Chapter Twenty Six.

Castizo’s Idyllic Home in the Cordilleras—Preparing for winter—catching and Breaking Wild Horses.

So long had we lazed on the Pampas and on the borders of the Cordilleras, that summer had almost fled before we reached Castizo’s mountain home. It is probably doing ourselves injustice, however, to talk of lazing on the Pampas. The time was well spent, for if there be any happiness of a solid nature on earth, I think it had been ours during those all-too-short summer months. If you were to ask me for an analysis of this happiness, I think I should reply that it resulted from that perfect freedom from all care which only a true nomad ever enjoys, from the constant chain of adventures and incidents that surrounded us, from the strange scenery weird and wild, from the beauty of the sky night and morning, and, above all, from the perfect, the bounding health we enjoyed, health that made us laugh at danger and consider troubles, in whatever shape they came, trifles light as air.

Castizo had told us often about his estancia in the hills. For many years he had gone back and fore to it from Santa Cruz. It was simply a craze of his, he said; a mere whim or fad. He dearly loved loneliness, and in his own little Highlands he enjoyed it to the fullest extent. He was never afraid of the Indians. Not that he considered them immaculate as to virtue, and the soul of honour; but because his person, intact and safe and sound, represented to them so much property. He never paid them wholly until they had returned with him to the little station on the eastern coast, and then great indeed was their reward.

But all independently of this, I am convinced that these poor Indians dearly loved their white cacique, and that apart from any financial consideration, any one of them would have fought for him until he fell and died on the Pampa.

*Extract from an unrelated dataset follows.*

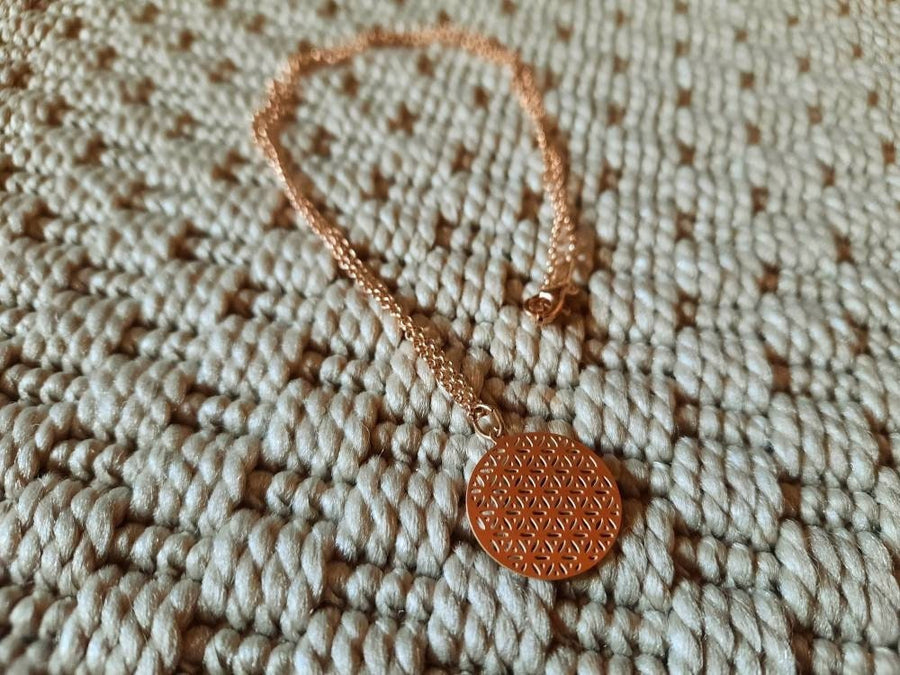 Flower of Life, Necklace Rose Gold, Flower of Life in Rose Gold Gold, Necklace with Rose Gold Pendant, Necklace, Handmade from Germany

Yes, Castizo had spoken much to us of his life and adventures in the mountains, but he had not described his little village. Therefore we were not prepared for what we saw.

First, then, we had to cross a wide, extended, open plain or pampa, so great in extent indeed that we began to think the wilderness had commenced again.

In the very centre of this plain was a broad lagoon, but how fed or dried we could not tell, for no stream ran into nor out of it. There it was, nevertheless, and all round its borders bushes grew, and a rank, rushy kind of vegetation with tall flowers, crimson, blue, and bright yellow. We noticed with pleasure, too, that there were both ducks and geese on it. On the plain, moreover, we shot several birds of the grouse species, though quite different from any I had ever seen before.